In the past six months alone, since the Busan meeting mentioned above, a number of events were held in the IPR that have contributed to further aggravation of the situation in the region as a whole and in the South China Sea in particular, as well as to the continuing tensions around Taiwan.

Who is the target of the emerging tripartite alliance of Washington, Tokyo and Manila

It is worth noting first of all the first US–Japan summit in Washington, DC, in April 2024, which later became a trilateral event but with the Philippines joining its ranks instead of South Korea. And if the outcome of the US–Japan summit continued the more than half-century-old (i.e., quite “usual”) course of comprehensive strengthening of the said bilateral alliance, the actual inclusion of the Philippines has become the most remarkable innovation in the nature of the regional developments.

This trend, very significant in and of itself, was also confirmed in the innovations to the scenario of the annual US–Philippines military exercise Balikatan held from April 22 to May 10 in the South China Sea. Its geography went beyond Philippine territorial waters for the first time, and the scenario involved simulating (also for the first time) offensive amphibious operations on islands disputed by Beijing and Manila. The possibility of landing troops (again, the US–Philippine’s troops) in Taiwan was also simulated. The list of US weapons involved in the exercise included (also for the first time) medium-range missiles. The need for their “forward deployment” in the Indo-Pacific region has been discussed in the US Armed Forces leadership for quite some time.

The emergence of all these alarming innovations is accompanied by propaganda about the “growing Chinese military threat.” Which is understood mainly (but not only) as a quite natural upgrading process of the armed forces of the second world power. And that despite its (Chinese military) budget being three times smaller than that of the US Armed Forces.

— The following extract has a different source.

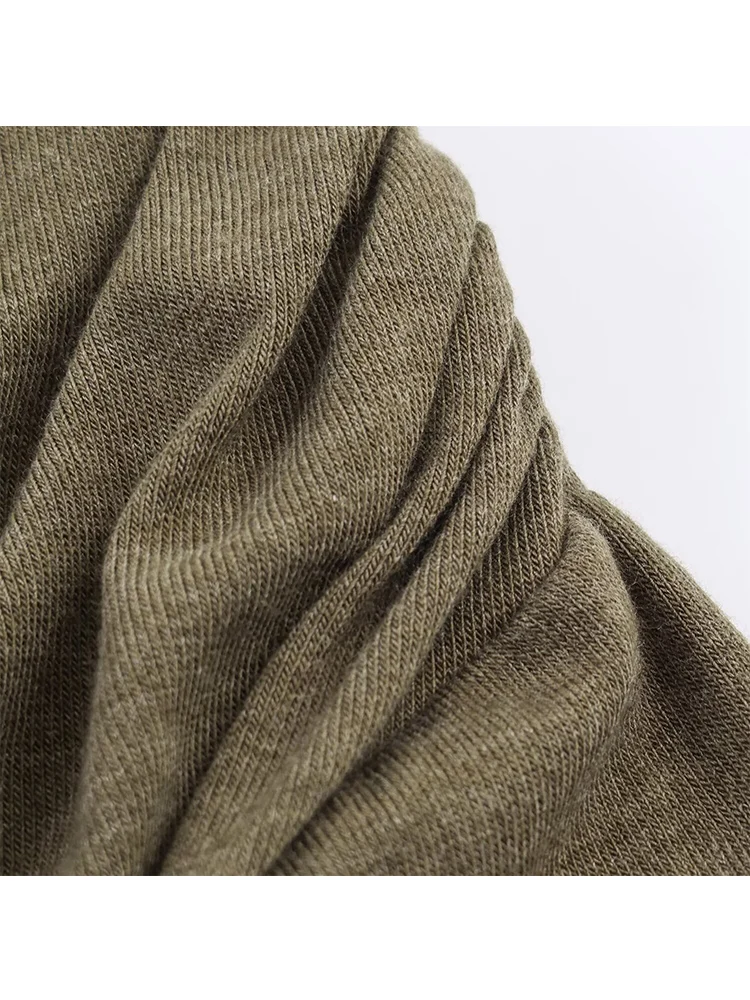 Spring Autumn Women Long Sleeve T-shirt 2026 New Solid Casual Fashion Slimming Folds Design Tops Ladies Chic Elegant Tees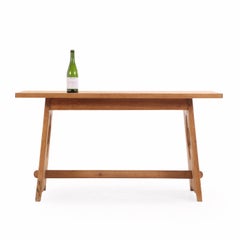 A French Gothic Style Solid Oak Dining Table, C. 1940.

As a response to the above propaganda cliché, the “American expansionism” in a region 10-15 thousand kilometers away from the US coast is usually lambasted. It is worth noting, however, that global powers, which today’s China definitely is, are wont to exercise their strategic posturing on the world stage in one way or another.

In the case of the Balikatan exercise, the fact that the US Armed Forces came to the Philippines at the invitation of the country’s leadership, which has been headed by President Ferdinand Marcos Jr. since mid-2022, is significant. However, during his election campaign Marcos Jr. showed no hints of his current overtly pro-American (and increasingly pro-Japanese) foreign policy course.

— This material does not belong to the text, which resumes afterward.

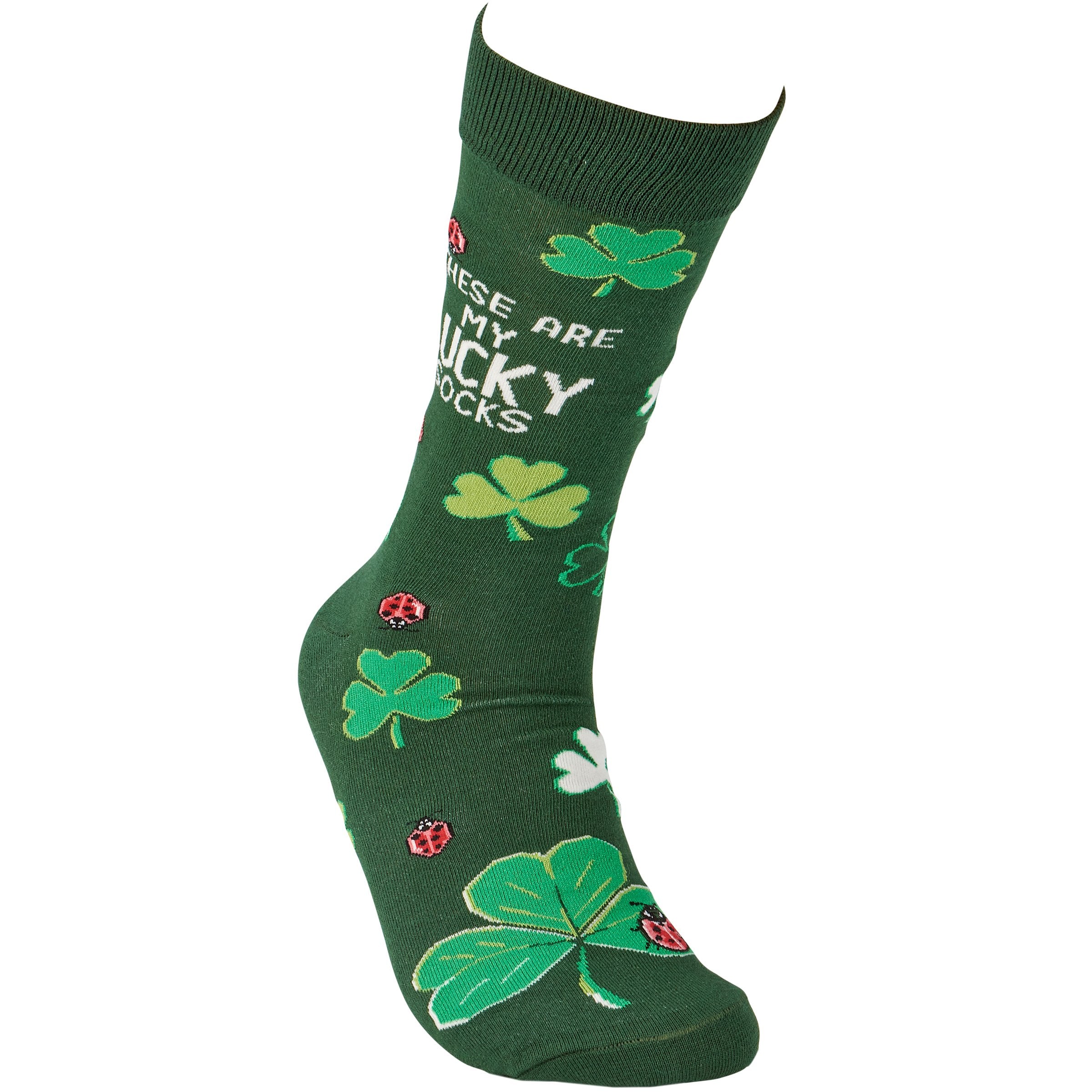 Festive St. Patrick's Day Lucky Socks: Shamrock & Ladybug Design, One Size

The position of Japan, that is, again, a participant in the trilateral configuration with the Republic of Korea and China, is becoming more and more distinctly oppositional, if not confrontational, towards the latter. On the world stage in general, and in the Indo-Pacific region specifically, Tokyo acts mainly and so far jointly with Washington. The above-mentioned summits were another evidence of this matter. One of the main topics of the negotiations between President Joe Biden and Prime Minister Fumio Kishida at the time was the plans to improve the management of joint operations between the US Armed Forces stationed in the Pacific and the Japan Self-Defense Forces.

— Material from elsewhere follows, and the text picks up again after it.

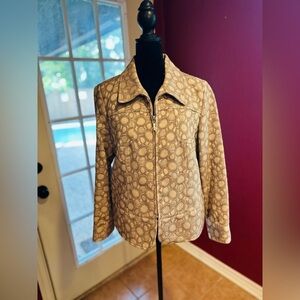 Erin by Erin London Jacket | Taupe Circle Print Textured Zip Front | Size PL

Also, of note was the announcement of the imminent departure to the Marshall Islands of a group of Japanese Navy and Border Guard ships. It cannot but evoke associations with the events of 80 years ago, when the issue of control over the waters of the Sanaa became a fierce armed struggle. The difference is, today both major former enemies stand against China. Beijing, on its part, is also taking a keen interest in the processes going on here.

Nevertheless, strong expressions, of which the phrase “Japanese militarism” is an indispensable element, hardly correspond to current realities. Particularly because Japan’s defense budget only marks the process of growing from a multi-decade level of 1% of national GDP. That is, it is still one of the lowest in the world (in relative terms, of course). Still, there is definitely an emerging trend towards the “militarization” of Japan, unfortunately becoming almost ubiquitous.

Meanwhile, the already announced participation of a Japanese delegation comprising more than thirty MPs from the ruling Liberal Democratic Party in the inauguration of the new Taiwanese President William Lai scheduled for May 20 is promising to be quite noisy. Although the LDP has long been firmly established on the island, it has never shown this level of blatantly anti-Chinese demonstrations.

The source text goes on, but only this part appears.